A revolutionary new gene therapy has broken price barriers, becoming the world’s most expensive drug at $4.25 million per treatment. However, for families of children suffering from the devastating metachromatic leukodystrophy (MLD) disease, it offers the first glimmer of hope.
MLD is a progressive genetic disorder affecting the nervous system. Without treatment, symptoms rapidly worsen and children rarely survive past early childhood. The gene therapy, called Lenmeldy, provides a one-time potentially curative treatment by addressing the underlying genetic cause.
Approved by the FDA, Lenmeldy is the first MLD treatment and stops the disease in its tracks. Administered at the earliest signs, it can halt progression and spare kids from a tragic fate. “For the 40 children born with MLD each year in the U.S., this is life-changing”, said Orchard Therapeutics CEO Bobby Gasper.

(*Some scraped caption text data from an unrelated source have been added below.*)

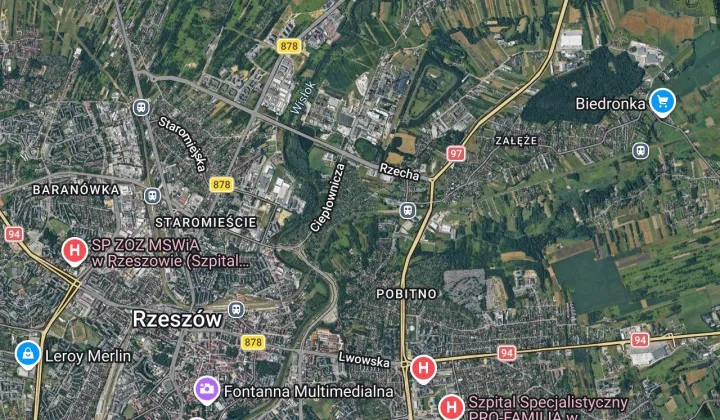 Działka rod Rzeszów Załęże, ul. Spółdzielcza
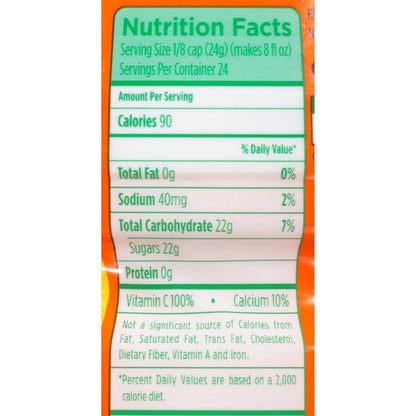 Tang Powdered Orange Drink Mix – Calcium and Vitamin C Boost for Wellness-Focused Home Kitchens
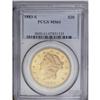 Image 1 : 1883-S $20 MS61 PCGS. This is a pleasing Mint State ex 1883-S[$20] MS61 PCGS.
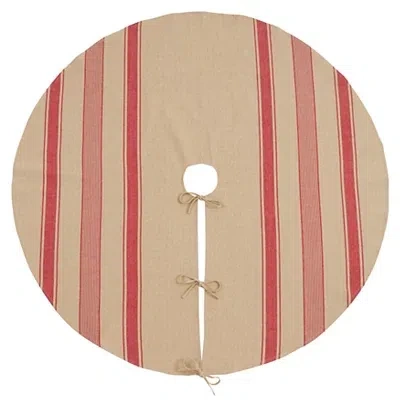 Kirkland's Striped Tree Skirt In Neutral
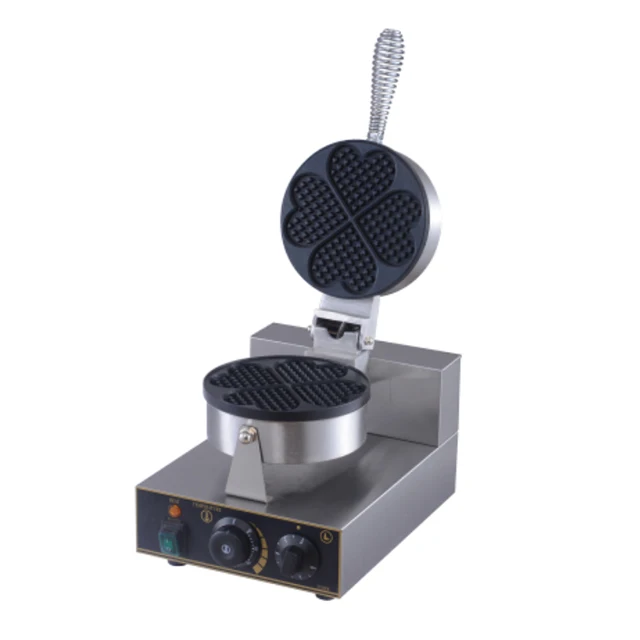 2 heads heart shape waffle baker/waffle baker machine/waffle baking machine HFL-02  (NEWBEL are professional on kitchen project)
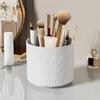 Japanese Style Simple Rotating Storage Cups For Makeup Brushes Pens Large Capacity Desktop Organizers Plastic Bathroom Countertop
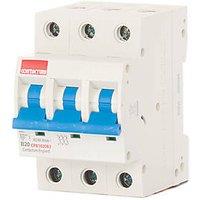 Contactum Defender 20A TP B Curve 3-Phase MCB (272HA)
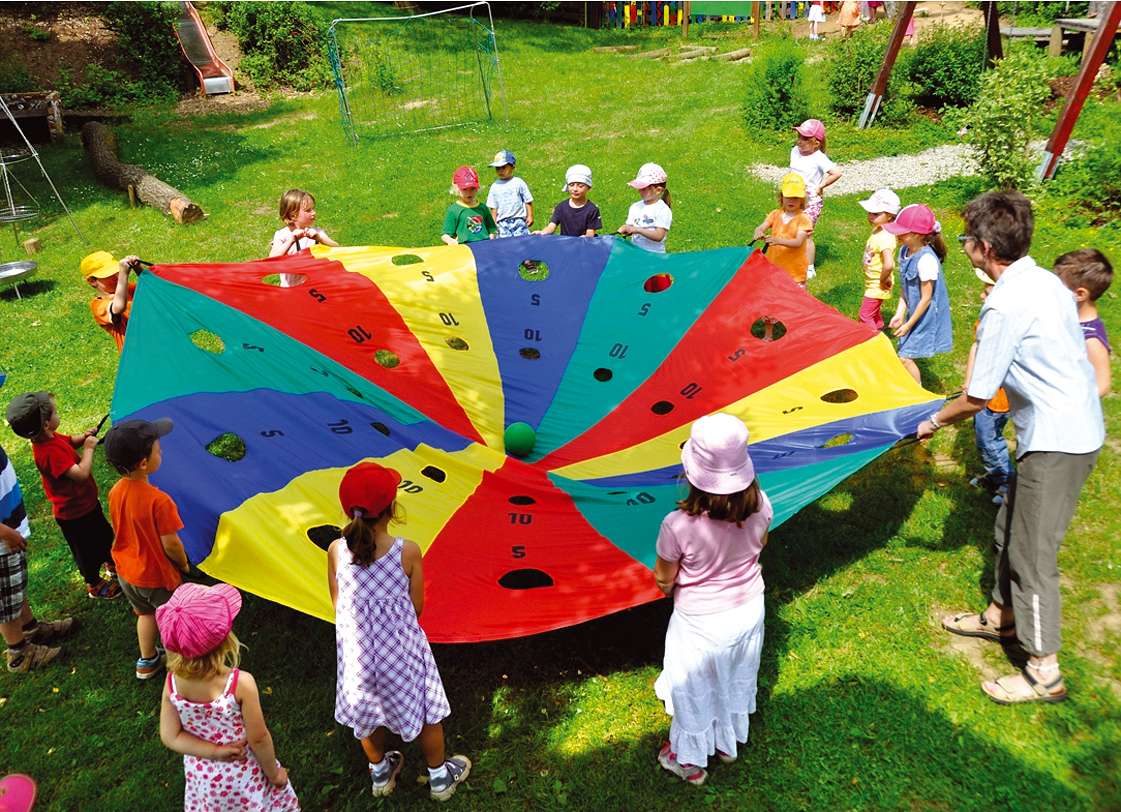 "EduPlay Schwungtuch Schweizer Käse"", ø 3 m, 8 Griffschlaufen" Unkategorisiert online kaufen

While the $4.25 million cost raised eyebrows, Gasper noted MLD’s devastating impact. Prior, only palliative care was available, condemning children. “This achievement is truly transformative. We’re able to offer families real hope through a single treatment”, he said.
Lenmeldy represents a revolution for rare diseases. Developed through academic collaborations, it demonstrates how advanced therapies can target individual conditions once deemed unsolvable. For MLD families, the world’s most expensive drug also heralds a future where no child loses their life to this cruel disease.